What could be in short supply is interest from the world’s money managers, who see reasons to stand on the sidelines: a weak oil market, concerns about the strength of the global economy, and last month's attack on Aramco’s most important crude-processing plant. Investors are already demanding a premium to hold the country’s debt, downgraded in October by Fitch Ratings Ltd. “Aramco is simply the best oil and gas asset on the planet,” says Danilo Onorino, who runs fund manager Dogma Capital in Switzerland and has invested in Aramco’s bonds. “But there are problems. Saudi Arabia’s cost of capital is relatively high, the oil price isn’t where you want it to be, and there are issues with transparency.”

Investors are worried about corporate governance, as well. The IPO won’t bring independence from the Saudi state, which has never suggested selling more than 5% of the company. Aramco’s tax payments and dividends will remain the biggest source of government income, and Saudi Arabia is the most important member of the OPEC cartel. So oil production policy will likely remain a political decision. In early September, Khalid Al-Falih, Saudi Arabia’s energy minister and Aramco chairman, was dismissed. He’d been considered relatively skeptical about prospects for the share sale. One of Prince Mohammed’s half-brothers was made oil minister; the chairmanship of Aramco went to Yasir Al-Rumayyan, head of the kingdom’s Public Investment Fund, the sovereign wealth manager that will be handed the proceeds of the IPO.

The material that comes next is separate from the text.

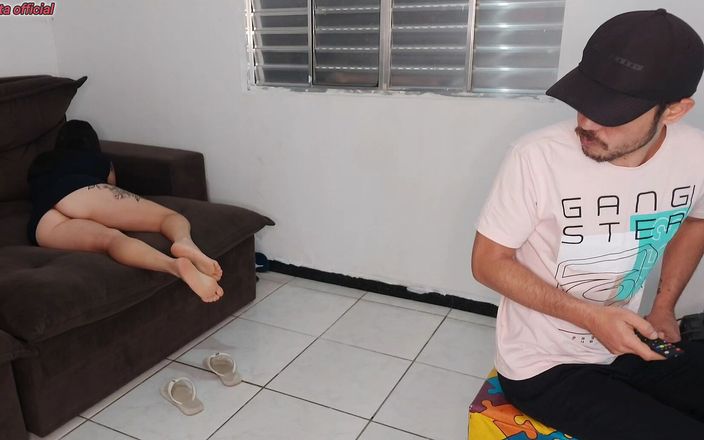 Kasallpimenta: La casalinga riceve il tecnico e lo seduce mentre suo...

“Aramco operates some of the lowest-cost assets in the world,” says Rob Thummel, a senior portfolio manager at Tortoise, an investment firm. “The biggest concern around Aramco is governance. If governance challenges can be solved, then investor interest will be high.” Valuation is another concern. The crown prince has always insisted that Aramco is worth more than $2 trillion, almost twice the market capitalization of Microsoft Corp. and Apple Inc., the world’s most valuable companies today. There’s little doubt Aramco deserves a stratospheric valuation: The company pumps almost 10 million barrels a day, more than double its largest American rival, Exxon Mobil Corp., and posted an annual profit of $111 billion last year. But $2 trillion still looks aggressive compared with other major oil producers.

Aramco recently promised to pay a base dividend of at least $75 billion in 2020, significantly higher than the $58 billion it paid to the Saudi government in 2018. That’s equivalent to about $20 for every barrel the company produces and more than the dividends paid by Exxon, Royal Dutch Shell, and Chevron combined. The Saudi government also tweaked Aramco’s tax structure to allow more scope for shareholder payments, cutting the royalty paid on every barrel to 15% from 20% as long as oil prices stay below $70 a barrel. (It’s currently below $60.) It even went as far as promising that minority shareholders would be paid dividends before the government if oil prices were to crash.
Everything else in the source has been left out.